Among the entries below, extract exactly the lines that run from the one with "Bulbi Lalea mata" through the one with "Lycopodium clavatum", both ends included.

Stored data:
_ _ _ _
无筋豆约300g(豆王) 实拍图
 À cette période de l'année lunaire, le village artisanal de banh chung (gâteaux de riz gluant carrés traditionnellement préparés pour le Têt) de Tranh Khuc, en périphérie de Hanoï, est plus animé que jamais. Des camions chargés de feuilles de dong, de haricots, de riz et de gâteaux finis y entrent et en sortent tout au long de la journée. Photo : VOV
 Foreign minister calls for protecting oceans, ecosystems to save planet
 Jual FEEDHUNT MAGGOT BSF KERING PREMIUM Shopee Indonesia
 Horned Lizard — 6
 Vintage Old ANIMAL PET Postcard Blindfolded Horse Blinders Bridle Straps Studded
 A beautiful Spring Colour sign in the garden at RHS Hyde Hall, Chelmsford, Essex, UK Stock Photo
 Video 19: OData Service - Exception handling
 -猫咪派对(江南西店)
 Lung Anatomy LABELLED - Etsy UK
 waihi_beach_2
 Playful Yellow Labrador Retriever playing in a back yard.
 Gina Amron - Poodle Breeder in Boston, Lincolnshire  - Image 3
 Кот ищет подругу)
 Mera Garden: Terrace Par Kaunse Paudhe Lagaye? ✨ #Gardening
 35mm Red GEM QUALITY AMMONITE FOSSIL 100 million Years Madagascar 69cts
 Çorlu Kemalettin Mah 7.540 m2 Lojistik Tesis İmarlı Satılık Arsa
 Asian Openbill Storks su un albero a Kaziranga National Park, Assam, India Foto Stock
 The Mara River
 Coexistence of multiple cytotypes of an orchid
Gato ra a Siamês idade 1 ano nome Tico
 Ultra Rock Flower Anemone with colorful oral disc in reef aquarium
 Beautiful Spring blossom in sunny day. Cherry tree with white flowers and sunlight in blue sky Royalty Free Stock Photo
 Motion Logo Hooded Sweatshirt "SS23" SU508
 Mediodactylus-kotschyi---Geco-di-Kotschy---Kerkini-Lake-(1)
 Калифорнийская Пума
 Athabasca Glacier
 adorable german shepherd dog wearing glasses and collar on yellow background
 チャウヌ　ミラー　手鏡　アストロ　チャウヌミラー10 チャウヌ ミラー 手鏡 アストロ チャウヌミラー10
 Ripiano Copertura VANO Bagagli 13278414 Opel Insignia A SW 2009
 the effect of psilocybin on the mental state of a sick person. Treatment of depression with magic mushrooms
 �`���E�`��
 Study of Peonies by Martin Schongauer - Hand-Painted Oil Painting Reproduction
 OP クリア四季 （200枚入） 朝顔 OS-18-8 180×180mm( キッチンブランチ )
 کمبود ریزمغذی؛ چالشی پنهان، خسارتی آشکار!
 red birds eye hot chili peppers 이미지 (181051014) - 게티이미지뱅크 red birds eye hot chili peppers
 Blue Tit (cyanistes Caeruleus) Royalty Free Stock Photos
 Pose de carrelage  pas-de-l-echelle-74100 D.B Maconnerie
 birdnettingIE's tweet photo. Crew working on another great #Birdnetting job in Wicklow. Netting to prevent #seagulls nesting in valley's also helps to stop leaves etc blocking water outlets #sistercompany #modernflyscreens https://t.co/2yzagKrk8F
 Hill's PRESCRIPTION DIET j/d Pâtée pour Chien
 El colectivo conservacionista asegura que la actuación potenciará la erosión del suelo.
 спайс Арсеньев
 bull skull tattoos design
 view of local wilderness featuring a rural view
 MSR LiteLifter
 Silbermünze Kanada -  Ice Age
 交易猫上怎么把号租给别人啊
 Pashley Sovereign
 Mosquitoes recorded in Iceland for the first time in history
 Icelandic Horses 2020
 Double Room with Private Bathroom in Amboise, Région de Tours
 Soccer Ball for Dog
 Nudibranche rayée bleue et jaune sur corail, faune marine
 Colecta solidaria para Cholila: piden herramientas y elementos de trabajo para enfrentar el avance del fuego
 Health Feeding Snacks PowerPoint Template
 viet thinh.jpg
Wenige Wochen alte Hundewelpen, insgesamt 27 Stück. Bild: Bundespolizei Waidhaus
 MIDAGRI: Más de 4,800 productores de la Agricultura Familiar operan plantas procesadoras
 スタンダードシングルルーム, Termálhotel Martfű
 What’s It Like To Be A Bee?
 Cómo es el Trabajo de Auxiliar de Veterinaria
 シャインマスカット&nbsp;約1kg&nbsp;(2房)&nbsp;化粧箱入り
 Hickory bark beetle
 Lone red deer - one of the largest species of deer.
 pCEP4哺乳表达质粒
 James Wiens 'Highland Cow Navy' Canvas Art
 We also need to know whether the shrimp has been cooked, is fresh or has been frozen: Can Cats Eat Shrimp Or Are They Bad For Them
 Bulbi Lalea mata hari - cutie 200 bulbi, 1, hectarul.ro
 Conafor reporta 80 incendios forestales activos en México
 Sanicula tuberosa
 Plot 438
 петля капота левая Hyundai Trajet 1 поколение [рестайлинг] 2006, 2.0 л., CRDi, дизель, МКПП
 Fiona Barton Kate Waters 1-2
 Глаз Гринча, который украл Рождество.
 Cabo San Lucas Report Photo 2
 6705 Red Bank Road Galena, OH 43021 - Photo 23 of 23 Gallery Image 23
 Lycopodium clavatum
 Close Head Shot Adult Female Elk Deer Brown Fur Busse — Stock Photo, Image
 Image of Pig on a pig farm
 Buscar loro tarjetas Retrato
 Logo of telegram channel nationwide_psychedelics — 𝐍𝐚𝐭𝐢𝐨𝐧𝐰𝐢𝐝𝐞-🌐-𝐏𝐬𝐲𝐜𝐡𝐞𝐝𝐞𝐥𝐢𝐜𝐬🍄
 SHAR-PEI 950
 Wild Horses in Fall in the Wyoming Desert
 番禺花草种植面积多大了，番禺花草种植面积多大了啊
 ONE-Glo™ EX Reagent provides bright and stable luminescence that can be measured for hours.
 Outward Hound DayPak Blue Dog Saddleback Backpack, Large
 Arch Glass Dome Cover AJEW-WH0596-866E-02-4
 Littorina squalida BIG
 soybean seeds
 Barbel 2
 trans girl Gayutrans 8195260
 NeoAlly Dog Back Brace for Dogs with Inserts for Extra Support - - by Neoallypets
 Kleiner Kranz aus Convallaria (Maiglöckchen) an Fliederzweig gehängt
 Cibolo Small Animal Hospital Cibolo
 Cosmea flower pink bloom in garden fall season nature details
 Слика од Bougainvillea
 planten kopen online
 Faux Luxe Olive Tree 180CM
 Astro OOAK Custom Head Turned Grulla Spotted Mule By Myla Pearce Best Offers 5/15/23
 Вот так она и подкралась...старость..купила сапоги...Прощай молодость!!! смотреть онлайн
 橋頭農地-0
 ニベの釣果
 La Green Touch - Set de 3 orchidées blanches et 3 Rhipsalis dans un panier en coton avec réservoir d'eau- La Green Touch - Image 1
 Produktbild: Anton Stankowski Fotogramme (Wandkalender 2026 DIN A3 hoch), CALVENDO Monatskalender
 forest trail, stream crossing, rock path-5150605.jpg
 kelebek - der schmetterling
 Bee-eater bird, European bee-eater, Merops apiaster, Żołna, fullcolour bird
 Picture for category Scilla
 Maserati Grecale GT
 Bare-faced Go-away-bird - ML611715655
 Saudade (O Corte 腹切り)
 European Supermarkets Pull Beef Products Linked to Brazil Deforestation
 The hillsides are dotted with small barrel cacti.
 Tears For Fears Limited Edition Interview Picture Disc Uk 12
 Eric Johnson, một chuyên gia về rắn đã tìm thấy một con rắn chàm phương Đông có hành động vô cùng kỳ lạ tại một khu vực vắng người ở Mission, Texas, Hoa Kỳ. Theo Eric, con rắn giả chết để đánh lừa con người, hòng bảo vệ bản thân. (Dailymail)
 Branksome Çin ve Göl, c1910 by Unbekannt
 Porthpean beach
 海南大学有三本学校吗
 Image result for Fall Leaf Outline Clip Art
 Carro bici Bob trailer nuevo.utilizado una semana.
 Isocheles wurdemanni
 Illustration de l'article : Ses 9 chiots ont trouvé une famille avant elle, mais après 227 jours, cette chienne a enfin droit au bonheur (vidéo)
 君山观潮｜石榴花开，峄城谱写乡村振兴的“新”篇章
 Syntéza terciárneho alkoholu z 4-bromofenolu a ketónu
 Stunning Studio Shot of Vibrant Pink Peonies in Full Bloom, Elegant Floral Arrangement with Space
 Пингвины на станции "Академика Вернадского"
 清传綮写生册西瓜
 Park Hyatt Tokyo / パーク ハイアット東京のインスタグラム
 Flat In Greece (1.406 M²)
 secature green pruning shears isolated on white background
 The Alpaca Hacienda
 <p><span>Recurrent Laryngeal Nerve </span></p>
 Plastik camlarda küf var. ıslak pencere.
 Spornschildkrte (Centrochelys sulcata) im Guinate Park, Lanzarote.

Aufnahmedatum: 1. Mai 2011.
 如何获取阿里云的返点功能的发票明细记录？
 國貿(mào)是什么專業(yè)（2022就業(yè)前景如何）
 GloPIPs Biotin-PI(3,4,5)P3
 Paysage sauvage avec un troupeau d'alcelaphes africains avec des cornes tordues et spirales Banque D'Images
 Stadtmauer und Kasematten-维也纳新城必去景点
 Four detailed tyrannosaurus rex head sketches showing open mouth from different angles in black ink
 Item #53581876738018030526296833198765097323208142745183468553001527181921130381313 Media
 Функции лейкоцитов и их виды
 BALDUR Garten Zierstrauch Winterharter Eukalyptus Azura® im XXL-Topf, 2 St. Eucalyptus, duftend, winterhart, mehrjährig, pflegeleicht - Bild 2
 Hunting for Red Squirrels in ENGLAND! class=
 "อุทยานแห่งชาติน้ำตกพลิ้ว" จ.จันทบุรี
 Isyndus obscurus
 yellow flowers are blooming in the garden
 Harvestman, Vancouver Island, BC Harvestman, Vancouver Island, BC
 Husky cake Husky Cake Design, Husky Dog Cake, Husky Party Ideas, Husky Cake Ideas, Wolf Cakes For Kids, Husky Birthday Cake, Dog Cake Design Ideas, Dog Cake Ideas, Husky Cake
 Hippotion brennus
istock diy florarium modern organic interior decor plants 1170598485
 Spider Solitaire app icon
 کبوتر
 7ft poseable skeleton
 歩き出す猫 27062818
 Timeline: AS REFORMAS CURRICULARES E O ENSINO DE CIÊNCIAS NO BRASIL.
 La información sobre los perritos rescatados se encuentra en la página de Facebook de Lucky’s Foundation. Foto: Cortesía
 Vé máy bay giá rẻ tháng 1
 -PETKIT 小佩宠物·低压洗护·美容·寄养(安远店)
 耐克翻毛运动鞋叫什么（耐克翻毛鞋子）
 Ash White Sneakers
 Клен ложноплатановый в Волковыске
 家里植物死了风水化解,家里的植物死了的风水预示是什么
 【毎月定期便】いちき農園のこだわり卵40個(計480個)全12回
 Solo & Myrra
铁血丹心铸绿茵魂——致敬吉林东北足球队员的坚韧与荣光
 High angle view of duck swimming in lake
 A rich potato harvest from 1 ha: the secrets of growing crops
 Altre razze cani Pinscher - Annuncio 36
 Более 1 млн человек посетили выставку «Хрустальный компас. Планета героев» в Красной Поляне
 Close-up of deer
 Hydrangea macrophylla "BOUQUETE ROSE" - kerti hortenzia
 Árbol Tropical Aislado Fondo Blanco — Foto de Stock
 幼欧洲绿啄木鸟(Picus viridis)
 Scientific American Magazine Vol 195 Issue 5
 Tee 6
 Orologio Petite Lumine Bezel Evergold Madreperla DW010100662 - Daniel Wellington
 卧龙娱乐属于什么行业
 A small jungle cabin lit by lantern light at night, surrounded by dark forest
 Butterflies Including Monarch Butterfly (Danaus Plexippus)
_ _ _ _
EXERCISE SOLUTION >>
 Bulbi Lalea mata hari - cutie 200 bulbi, 1, hectarul.ro
 Conafor reporta 80 incendios forestales activos en México
 Sanicula tuberosa
 Plot 438
 петля капота левая Hyundai Trajet 1 поколение [рестайлинг] 2006, 2.0 л., CRDi, дизель, МКПП
 Fiona Barton Kate Waters 1-2
 Глаз Гринча, который украл Рождество.
 Cabo San Lucas Report Photo 2
 6705 Red Bank Road Galena, OH 43021 - Photo 23 of 23 Gallery Image 23
 Lycopodium clavatum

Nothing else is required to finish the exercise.